New User - too dumb to create first index - please help

I would like to experiment with elastic before using it for a research project I am developing. The project data is contained in unstructured pdf files, but for this exercise I am using Wikipedia.

My computer is running Windows 10.

I have downloaded wikipedia as html files into a folder called 'en.wikipedia.org' on a usb drive called 'brown3' connected to a synology NAS drive called 'synology2'.

The path to my folder is therefore \synology2\brown3\en.wikipedia.org

I have installed kibana 6 with the ingest plugin

I have read countless pages on elastic.co and viewed loads of youtube videos but have been unable to translate their general advice to my specific needs and so I am still unable to get elastic/kibana to index my files.

Though the text on wiki pages is organized using headings, sub-headings, numbered lists and bulleted lists, I want all the text to be indexed as just text, to match my unstructured pdf files.

I would greatly appreciate your help.

Regards
David

If I can suggest, you're probably better off starting simpler. Check out https://www.elastic.co/guide/en/kibana/current/getting-started.html.

Because otherwise you will need a way to read the files off disk, process them how you want and index them to Elasticsearch. It sounds simple but it's not given your first starting.

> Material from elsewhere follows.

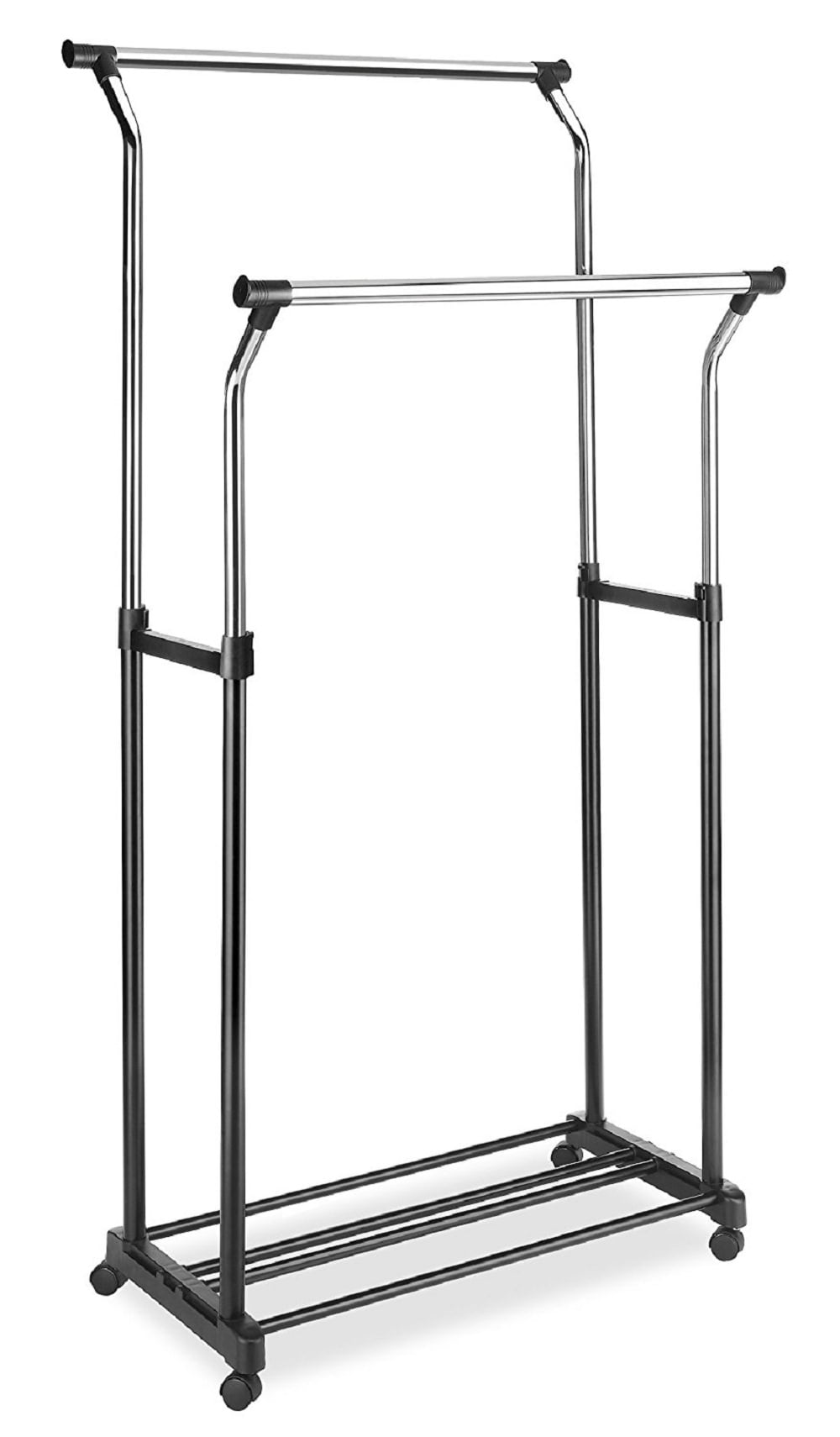 Whitmor Adjustable Double Rolling Garment Rack, Metal, Black and Chrome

You can also give a look at FSCrawler project: https://github.com/dadoonet/fscrawler

But as Mark said, start with something even more easy. :wink:

Thank you both.

I've been reading the FScrawler web page.

My operating system is on my computer's C drive. My pdf files (to be indexed) are on one NAS. I would like my index to be created on another NAS.

Kibana is stored in c:/kibana

Where should I place my FScrawler snapshot ?

If on the c. drive then how/where to specify the folder containing my pdf files ?

Thanks

Where should I place my FScrawler snapshot ?

Wherever you want.

how/where to specify the folder containing my pdf files ?

See GitHub - dadoonet/fscrawler: Elasticsearch File System Crawler (FS Crawler)

This topic was automatically closed 28 days after the last reply. New replies are no longer allowed.